It might be possible to reuse the float32 microkernel.
Google recommends the use of bfloat16 with TensorFlow and it is relatively straightforward to understand that it is a better use of bits to have an 8-bit exponent like float32 than the 5-bit exponent used by IEEE float16.
Intel's public statement on bfloat16 is:
Over time, Intel will be extending bfloat16 support across our AI product lines, including Intel Xeon processors and Intel FPGAs. This is part of a cohesive and comprehensive strategy to bring leading AI training capabilities to our silicon portfolio.
Disclaimer: I work for Intel.
Additional references:
- https://software.intel.com/en-us/articles/performance-benefits-of-half-precision-floats
- https://software.intel.com/sites/landingpage/IntrinsicsGuide/#text=vcvtps2ph
- http://developer.amd.com/wordpress/media/2012/03/47414_15h_sw_opt_guide.pdf
@jeffhammond Once again, this was very helpful Jeff. Thank you.

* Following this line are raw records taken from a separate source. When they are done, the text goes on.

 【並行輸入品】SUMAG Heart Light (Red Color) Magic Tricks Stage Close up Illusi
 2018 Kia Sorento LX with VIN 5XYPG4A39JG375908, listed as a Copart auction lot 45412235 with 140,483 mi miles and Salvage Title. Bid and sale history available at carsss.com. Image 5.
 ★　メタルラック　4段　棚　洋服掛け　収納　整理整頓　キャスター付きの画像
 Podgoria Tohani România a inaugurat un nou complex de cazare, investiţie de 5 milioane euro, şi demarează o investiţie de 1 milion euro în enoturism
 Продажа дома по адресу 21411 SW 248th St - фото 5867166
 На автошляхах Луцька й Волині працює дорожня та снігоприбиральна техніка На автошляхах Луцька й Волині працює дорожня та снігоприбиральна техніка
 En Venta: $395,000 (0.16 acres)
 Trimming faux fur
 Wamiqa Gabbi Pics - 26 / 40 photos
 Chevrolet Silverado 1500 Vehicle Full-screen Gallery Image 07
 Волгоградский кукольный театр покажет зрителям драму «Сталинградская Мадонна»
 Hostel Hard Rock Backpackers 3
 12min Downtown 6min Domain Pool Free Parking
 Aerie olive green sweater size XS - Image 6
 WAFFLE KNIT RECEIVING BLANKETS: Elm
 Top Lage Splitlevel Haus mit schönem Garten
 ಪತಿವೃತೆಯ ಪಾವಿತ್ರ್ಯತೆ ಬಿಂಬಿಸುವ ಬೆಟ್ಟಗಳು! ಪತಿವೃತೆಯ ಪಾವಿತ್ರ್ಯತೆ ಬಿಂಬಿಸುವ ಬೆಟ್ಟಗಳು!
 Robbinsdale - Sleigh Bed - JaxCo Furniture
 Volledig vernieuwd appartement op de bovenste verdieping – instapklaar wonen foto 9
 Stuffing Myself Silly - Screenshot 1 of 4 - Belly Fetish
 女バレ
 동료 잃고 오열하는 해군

I had never even heard of bfloat16
before today. I can see why it would be preferable (especially for ML/AI applications) given the trade-off between exponent and mantissa.
Yes, bfloat16
is all the rage for inference right now for deciding which bucket to put something in. It's also worth mentioning the 8-bit integer quantization approach taken by https://github.com/google/gemmlowp.
Disclaimer: I sit next to the author at work.
int8 and int16 are usually employed for inference although I’m aware of some efforts to use in training. Not sure if worth the software pain though.
ARMv8.2 defined instructions for FP16 (IEEE format) computations. These are natively supported in Cortex-A55 and Cortex-A75 cores, e.g. Snapdragon 845, with the same per-instruction throughput and 2x FLOPS of FP32 computations.
hi again. Are you guys still considering adding half-precision support to BLIS? FWIW there does seem to be a bit of a hole in the market for portable LA library that supports this. I know of FBGEMM from Facebook but it is x86-only and uses a scary JIT, and last I tested the ARM Compute Library's GEMM it was really slow compared to BLIS. CLBlast is nice, but only works with OpenCL.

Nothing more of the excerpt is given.